Et qu'est-ce qui fait la différence? Qu'est-ce qui leur permet de passer du réseau confidentiel des radios publiques, universitaires et communautaires à l'explosion de diffusion des radios commerciales?

Outre les manigances qu'on imagine, les deals qu'on se figure, il y a bien sûr la qualité du matériel que ces artistes proposent, mais surtout, il y a nous, les auditeurs. Ceux qui réclament ces chansons et changent un peu la donne, parfois.

Attaquer les radios commerciales, c'est donc prendre le problème à l'envers, puisqu'elles ne font qu'exploiter notre paresse. Parce que découvrir de la nouvelle chanson, ça demande de l'attention, de l'effort. Il faut se sortir de son plein gré de sa petite zone de confort, il faut fréquenter d'autres fréquences.

Et elles sont là, ces quelques rares stations privées indépendantes, et les nombreuses radios plus underground qui débroussaillent, qui découvrent, qui osent.
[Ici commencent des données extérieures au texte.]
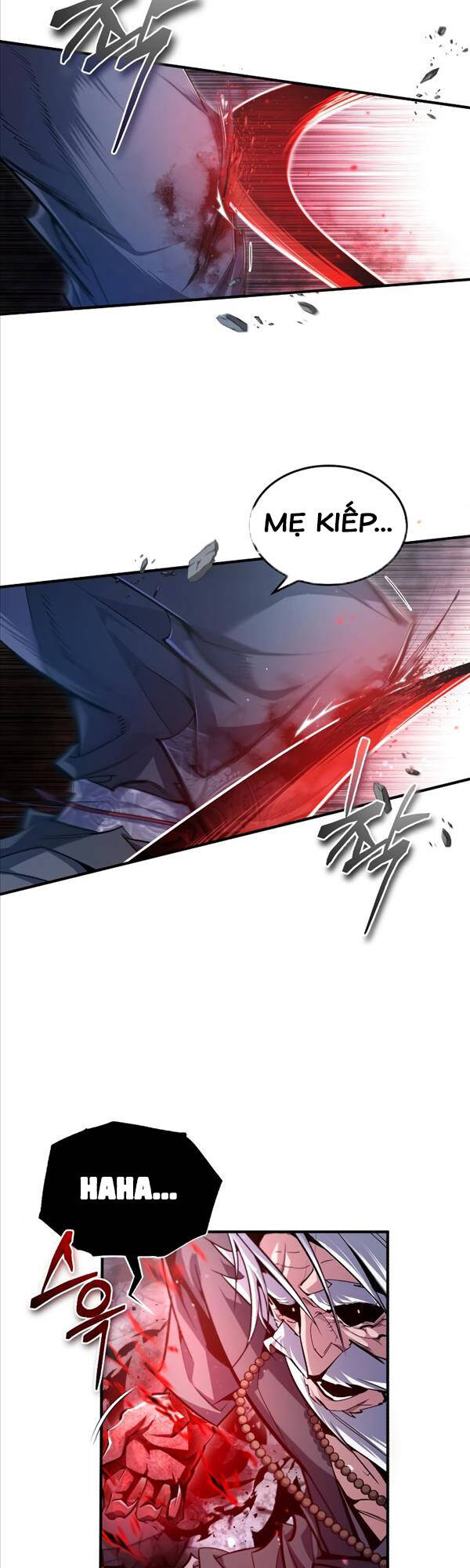 Đệ Nhất Võ Sư, Baek Cao Thủ Chapter 77 - Trang 2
Ce n'est donc pas le manque de courage des directeurs de programmation -pour la plupart des tatas de marketing et non des critiques musicaux – qu'il faut questionner, mais plutôt l'inquiétante indolence des auditeurs qui se laissent si docilement remplir.

Sauf qu'en révélant la véritable nature de ce problème, qui en est surtout un de valeurs à l'échelle occidentale, nous risquerions d'être choqués par ce très douloureux constat de ce que la société de loisirs a fait de nous, et avec notre bénédiction: des cruches.